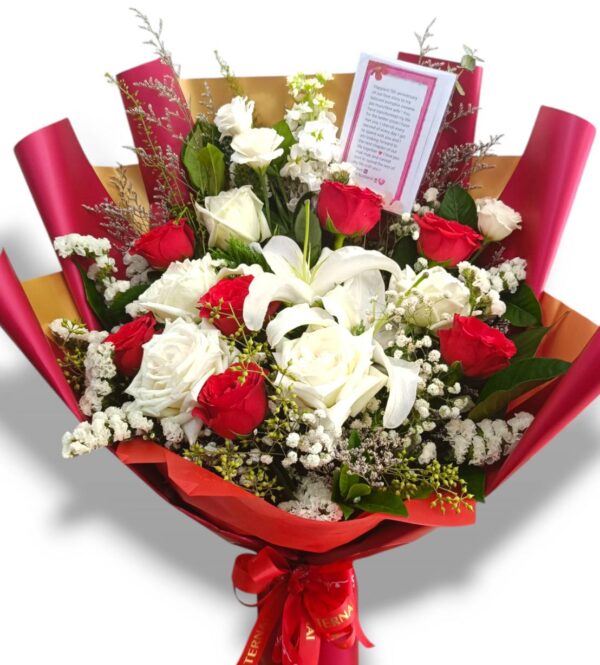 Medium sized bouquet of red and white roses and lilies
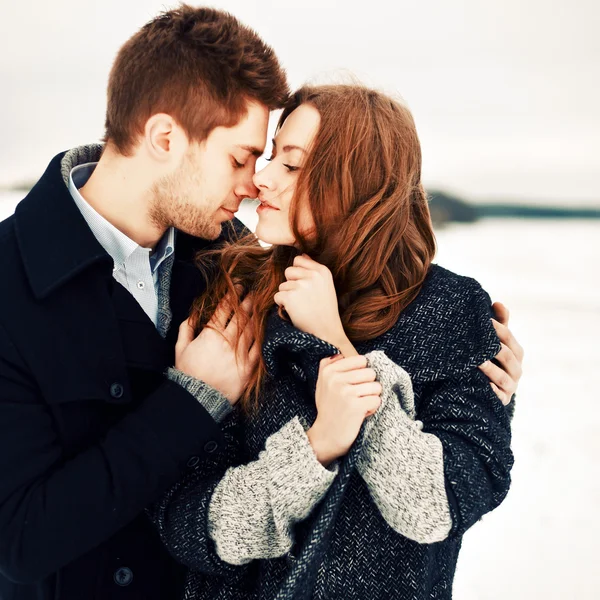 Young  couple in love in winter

○ ○ ○ ○ ○ ○ ○

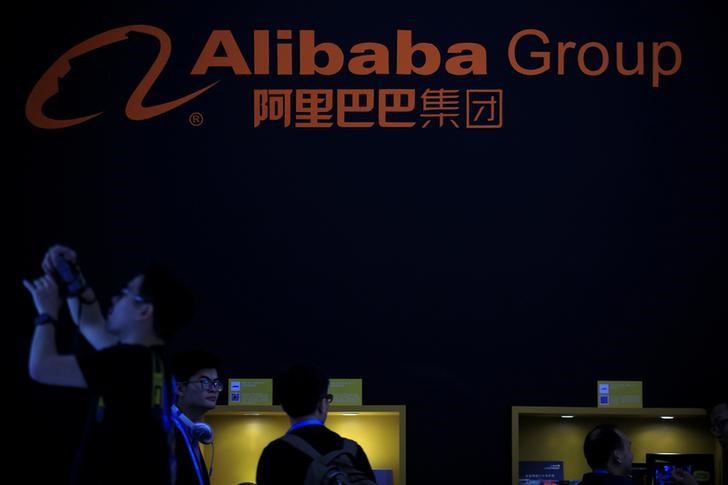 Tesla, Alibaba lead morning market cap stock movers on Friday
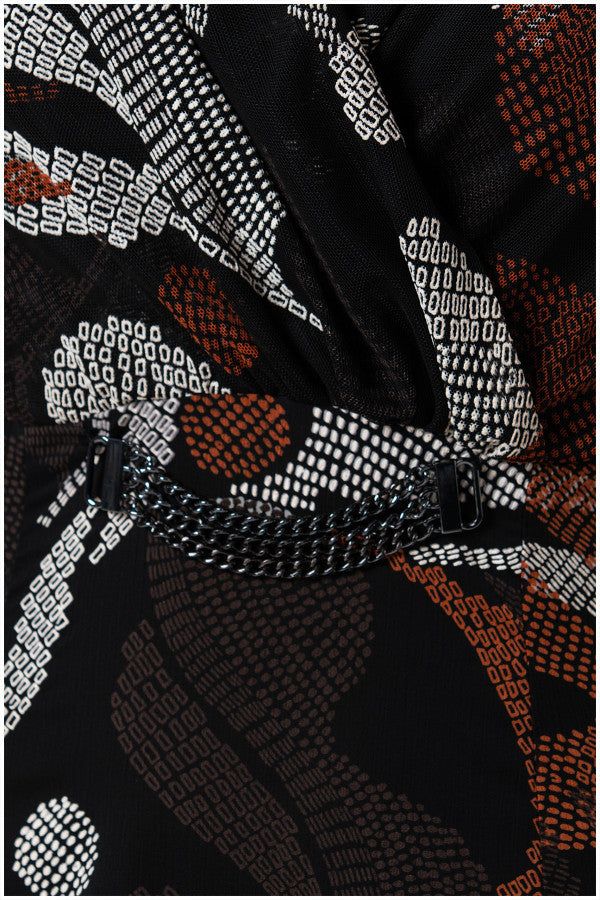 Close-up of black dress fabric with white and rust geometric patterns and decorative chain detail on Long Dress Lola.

○ ○ ○ ○ ○ ○ ○

> [Task item] Within the listing above, copy exactly the lines that start at the one with "Tesla, Alibaba lead" and continue through the one with "Close-up of black". Omit pictures.

> [Written solution]
 Tesla, Alibaba lead morning market cap stock movers on Friday
 Close-up of black dress fabric with white and rust geometric patterns and decorative chain detail on Long Dress Lola.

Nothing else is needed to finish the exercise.